Daniel Bennett

Two Poems


She talks about her days abroad:
Kyoto, and her journeys
out to ancient shrines, gingkos
unravelling over river water,
a spoiled affair with a painter
and a student she slept with
on the rebound, his dainty manners
and pudding bowl haircut.
Life catches at her in these moments
the flush of wine at her throat
the hangover of choices. Tonight
she talks about Mumbai. A later time,
but one when wide life
still offered itself with potential.
How, on her first day she had left
her boyfriend slumbering in their hotel,
and walked out into the streets
to be amongst the sellers of rice
and tamarind, the green ice cream
offered by the cup.
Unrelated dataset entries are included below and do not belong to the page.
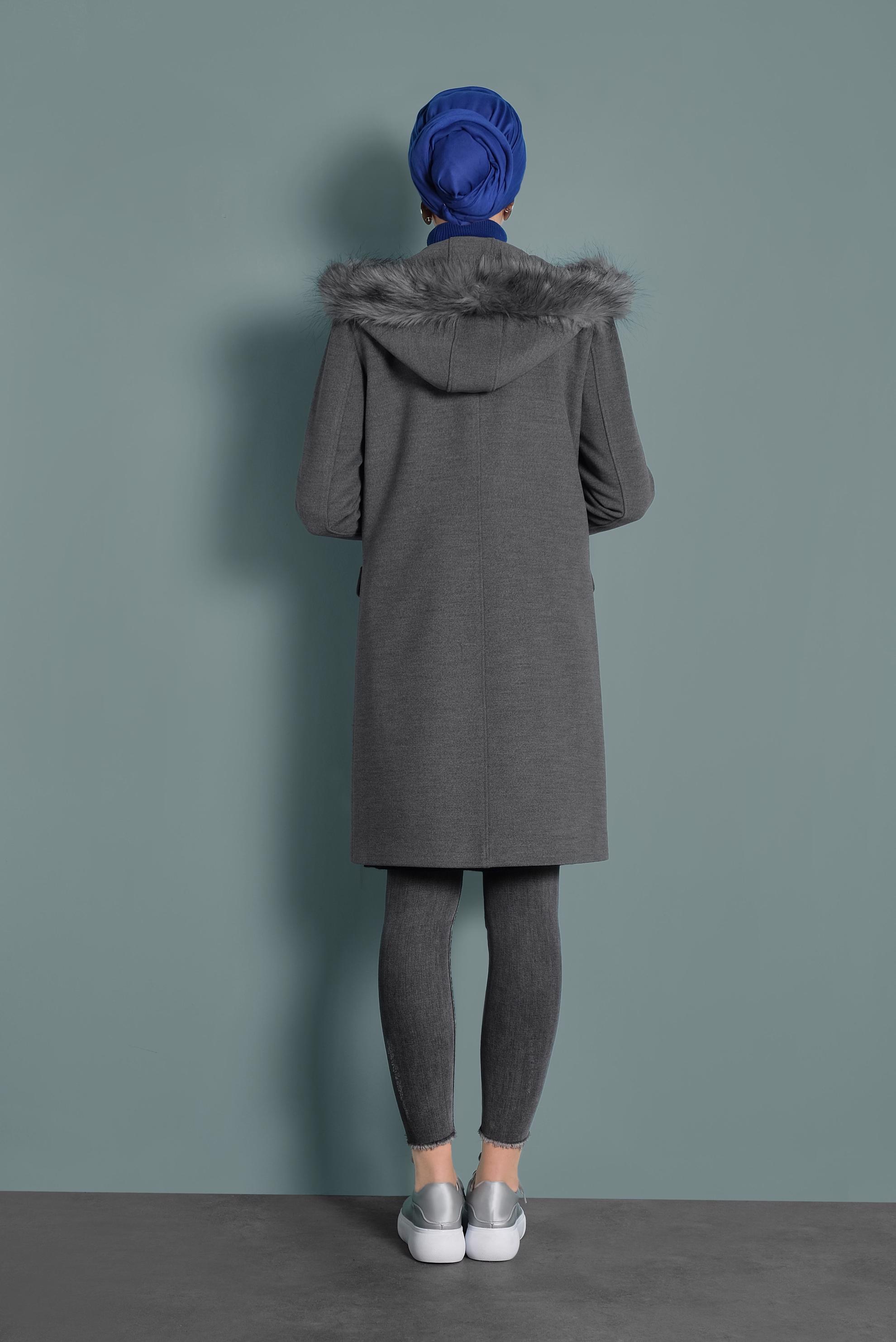 Tesettür giyim GRİ KAPÜŞONU KÜRKLÜ CEPLİ KABAN 90033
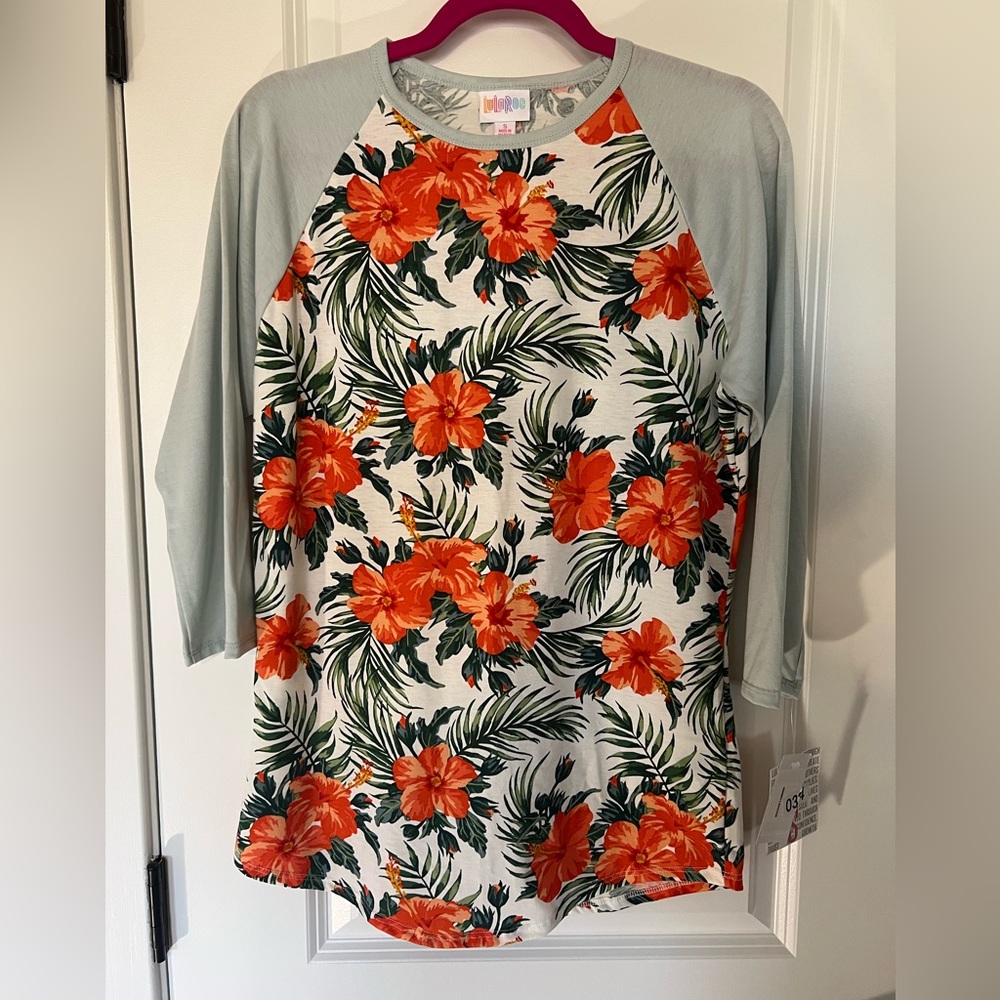 New LulaRoe Randy T -S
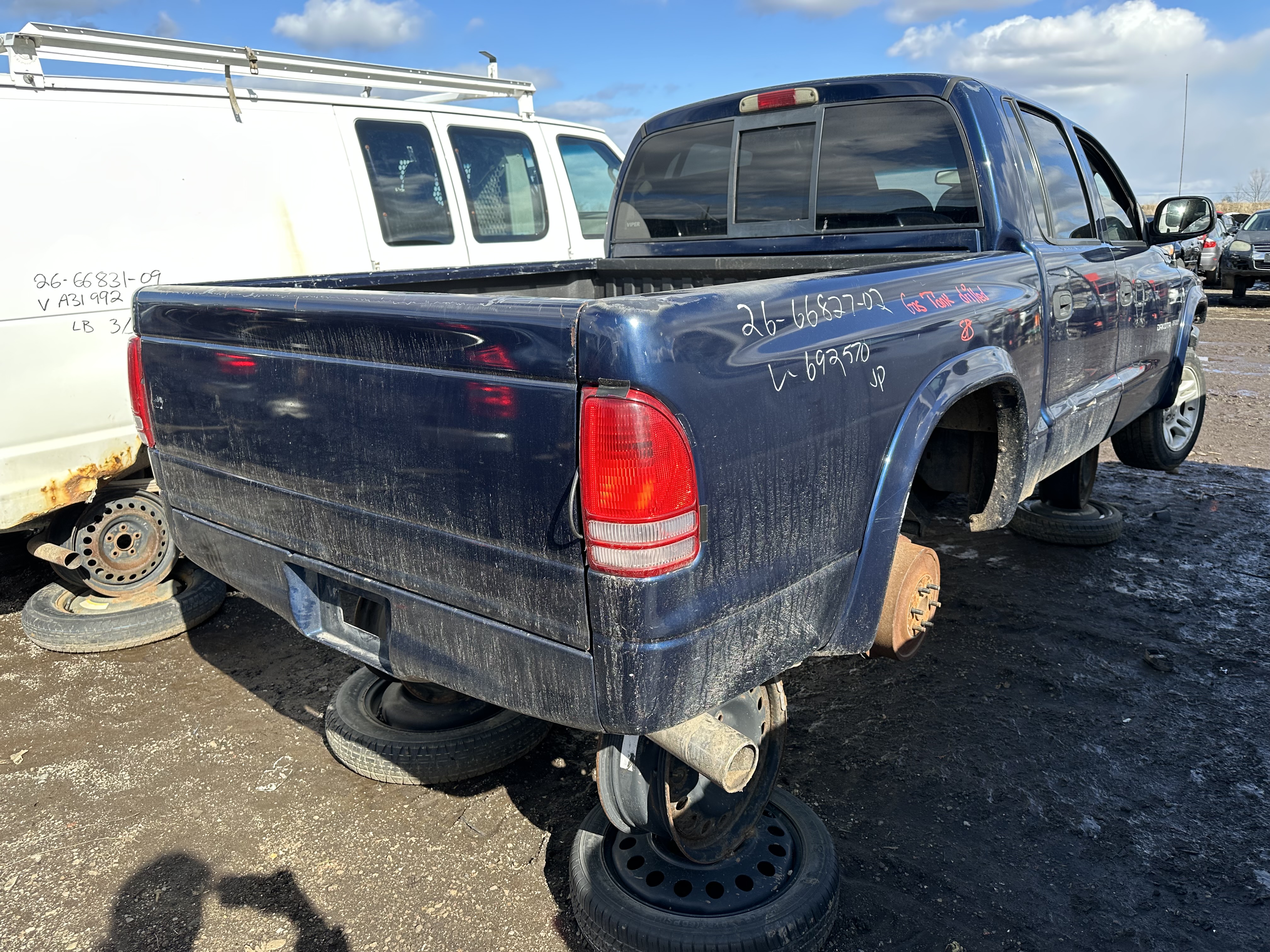 DODGE DAKOTA 2002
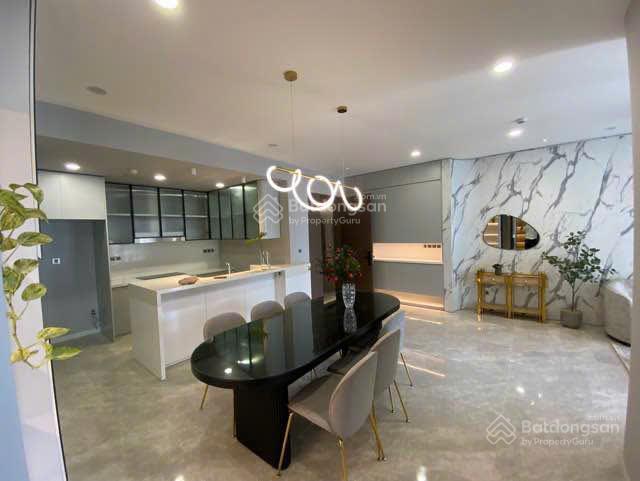 Cho thuê căn hộ 3 phòng ngủ midtown m8  nội thất đẹp  giá tốt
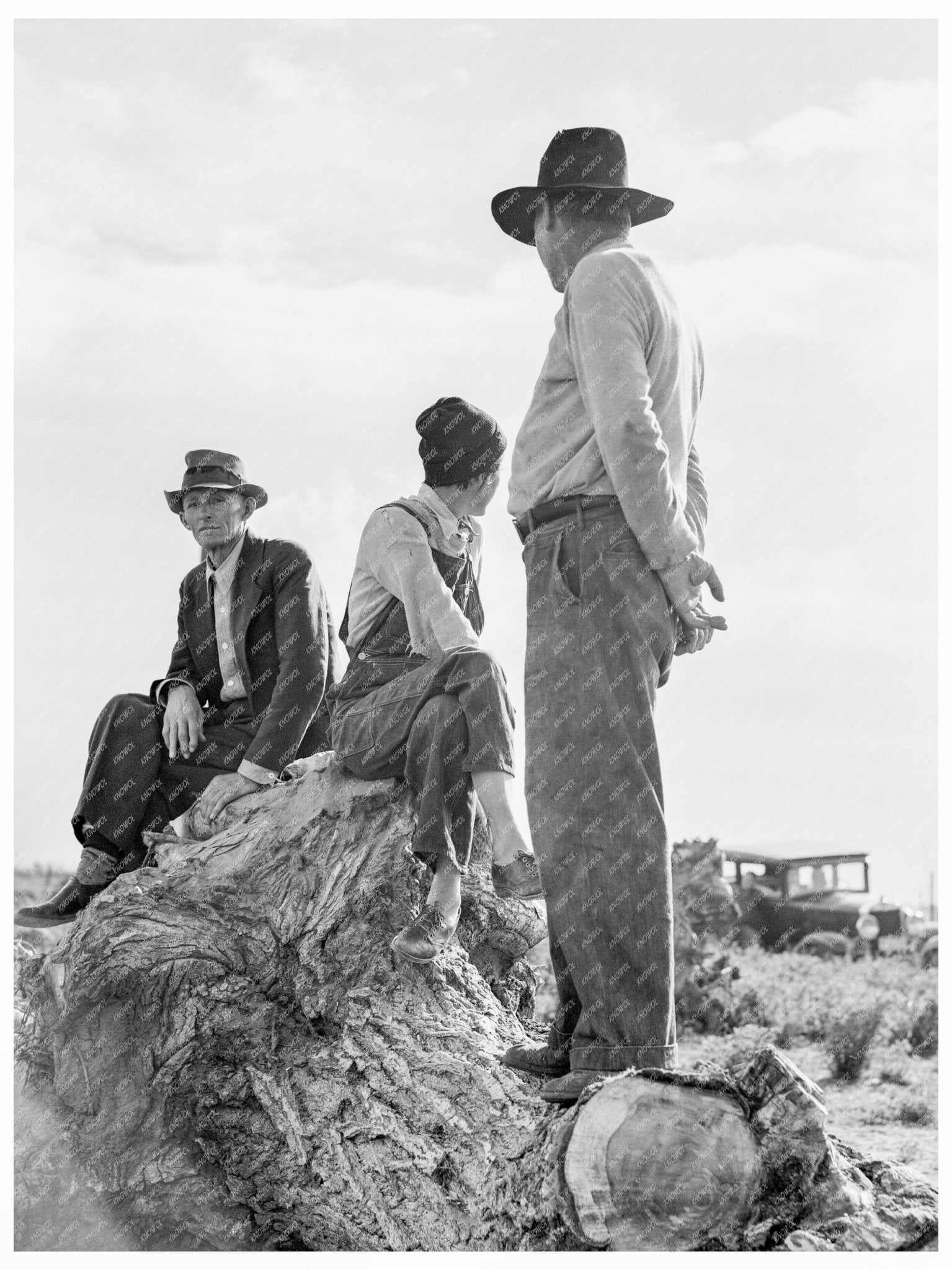 Migratory Laborers near Shafter California 1939 - Available at KNOWOL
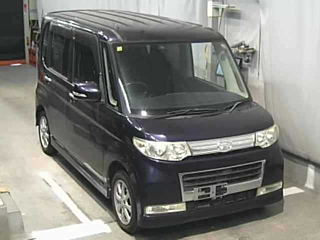 DAIHATSU TANTO 2008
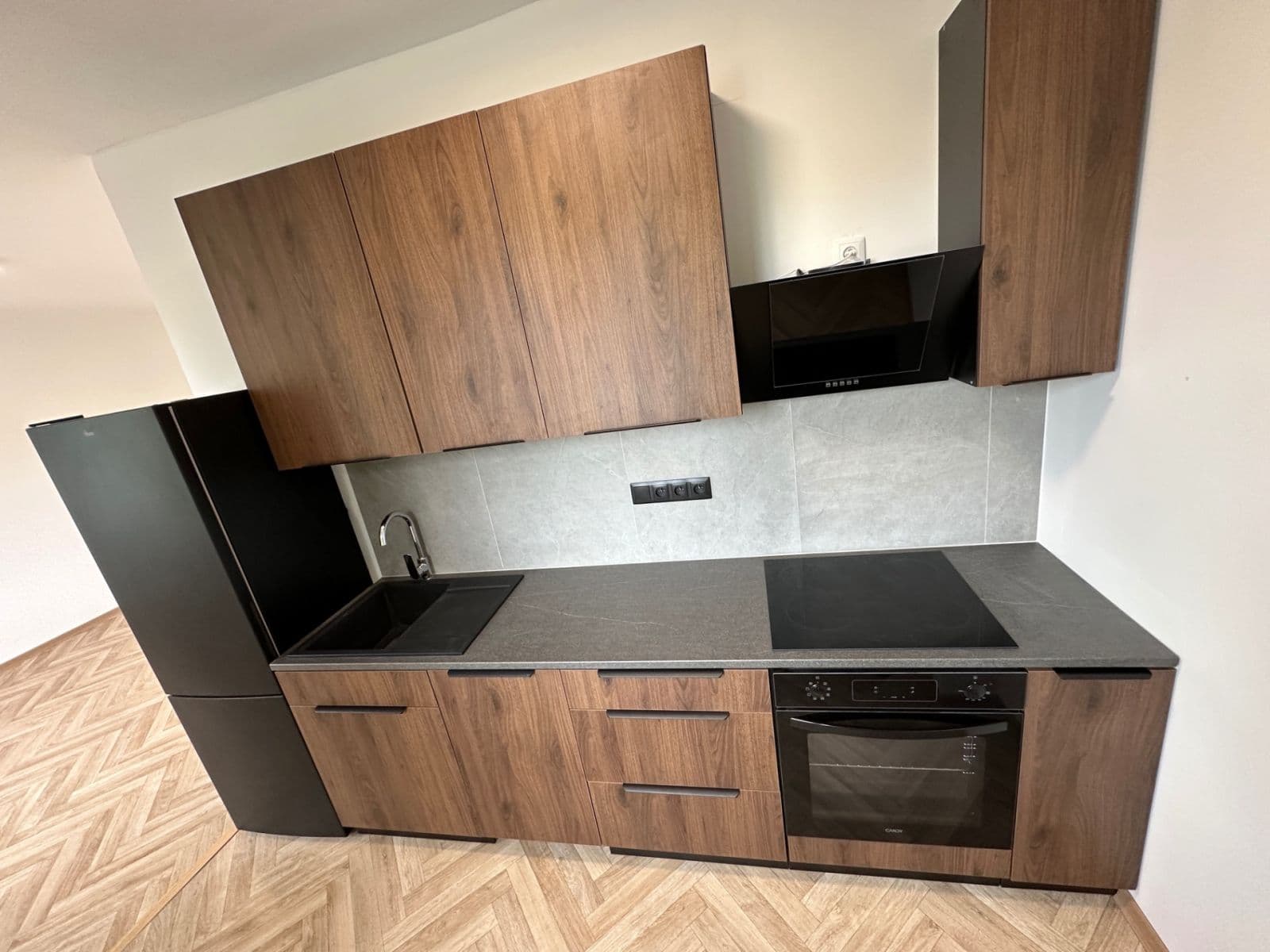 1 bedroom with open-plan kitchen flat to rent, 56 m², Sídliště Pražská, Havlíčkův Brod, Vysočina Region 1 bedroom with open-plan kitchen flat to rent, 56 m², Sídliště Pražská, Havlíčkův Brod, Vysočina Region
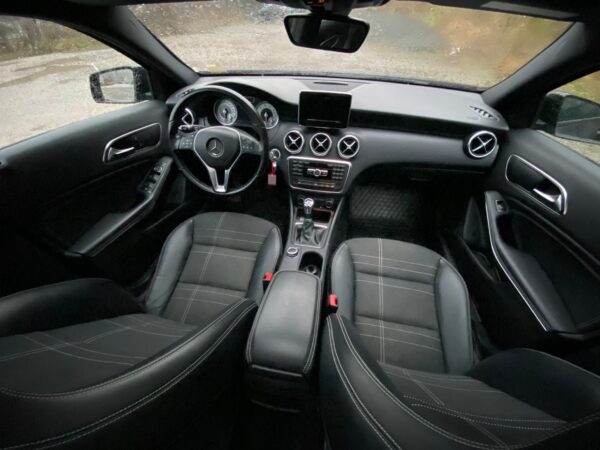 11 Mercedes-Benz Classe A
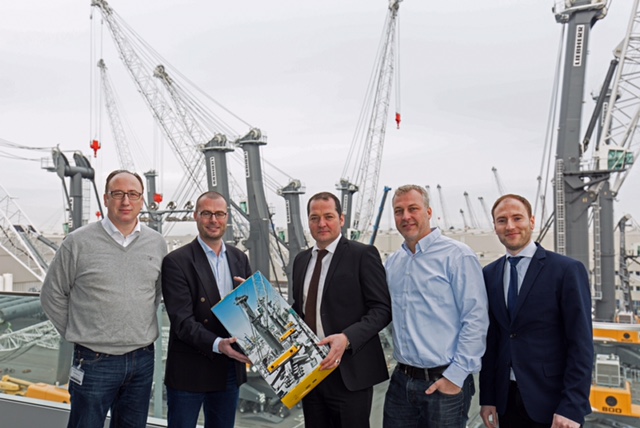 Teddy Folmer, the CEO of A. Henriksen Shipping recently visited the maritime manufacturing plant, located at the Baltic Sea in Rostock, Germany. F.L.T.R. Aron Boysen, Liebherr Sales Manager Scandinavia; Teddy Folmer CEO A. Henriksen Shipping A/S; Frank Pfister, Liebherr Sales Director mobile harbour cranes; Peter Nielsen, Senior Terminal Manager A. Henriksen Shipping A/S; Torsten Schapfl, Sales Manager mobile harbor cranes
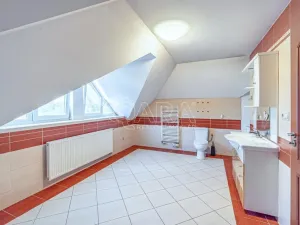 Prodej rodinného domu, Zlosyň, 209 m2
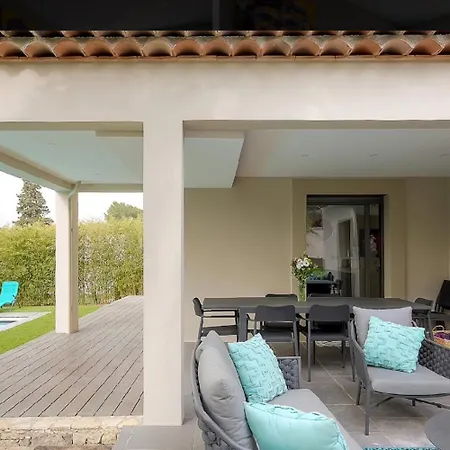 Beautiful Quiet Heated Pool Villa Mougins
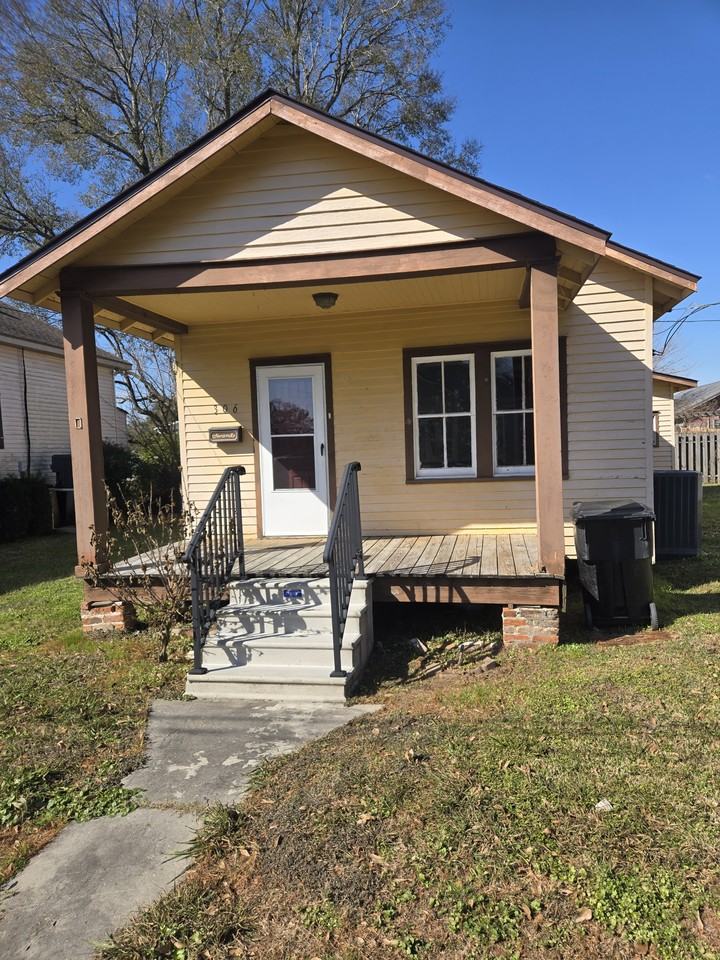 306 S Severin St #1 - Photo 7 of 12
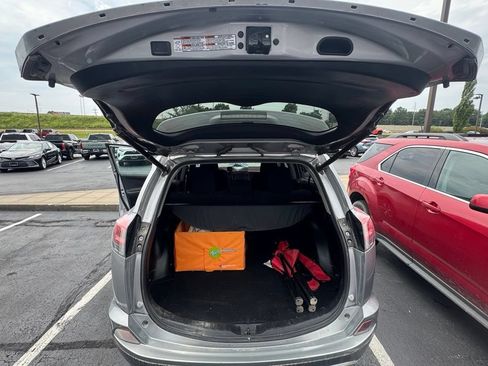Used 2016 Toyota RAV4 XLE FWD image 10
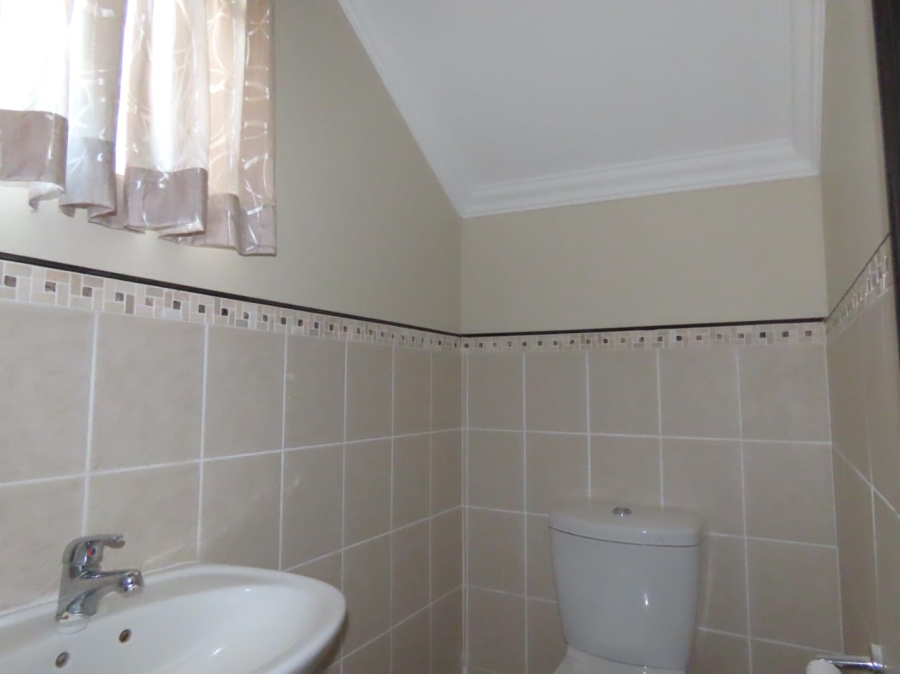 To Let 3 Bedroom Property for Rent in Seaward Estate KwaZulu-Natal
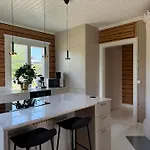 With Sauna, Fireplace And Free Parking In The Heart Of Casa de Férias Porvoo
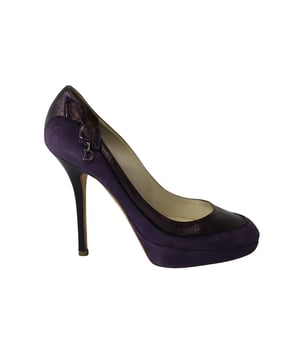 VINTAGE, RRP AS NEW
You'll love the way these purple Dior pumps look on your feet. They are crafted from high quality suede and feature covered toes, metallic leather trims, comfortable leather-lined insoles, platforms, and 12 cm heels. Wear it with a black midi dress and a minimalist clutch for a classy evening look.
*Item comes with box and dust bag

Dior High Heel Metallic Pumps in Purple Suede
Material: Suede
Color: Purple
Size: EU35.5/US5.5/UK2.5
Condition: Good
Sign of wear: Heavy wear on soles; Few marks on exterior surface
SKU: 215600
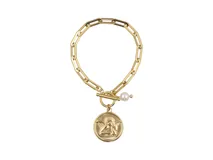 Pulsera dorada de acero con eslabones rectangulares, cierre de traba con perla y dije redondo con la imagen de un ángel.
A local man
had spied her, dazed as she was,
by jet lag and the experience,
and he had promised her chai,
the best she would ever taste.
She had allowed herself to be led
through back streets and alleys,
putting her faith in the adventure
in a way she now finds inconceivable.
The chai wallah had set up
beside an outdoor latrine, a line
of men staring over as they pissed.
The tea had brewed in a metal pot
for what might have been forever,
the steam of cardamon and cinnamon,
mingling with urine’s ammonia,
the even redness of it like river silt,
the dust beneath her feet.
Later, in an alley by Soho Square
she will turn and pull me
back towards her, kiss me,
and whisper promises of deeds
which so far are forbidden
and within the public expression
of these needs, I will think
of her walk from the strange hotel
the men at the latrine, the chai
which was the best she had ever tasted,
the boyfriend, even now, who sleeps.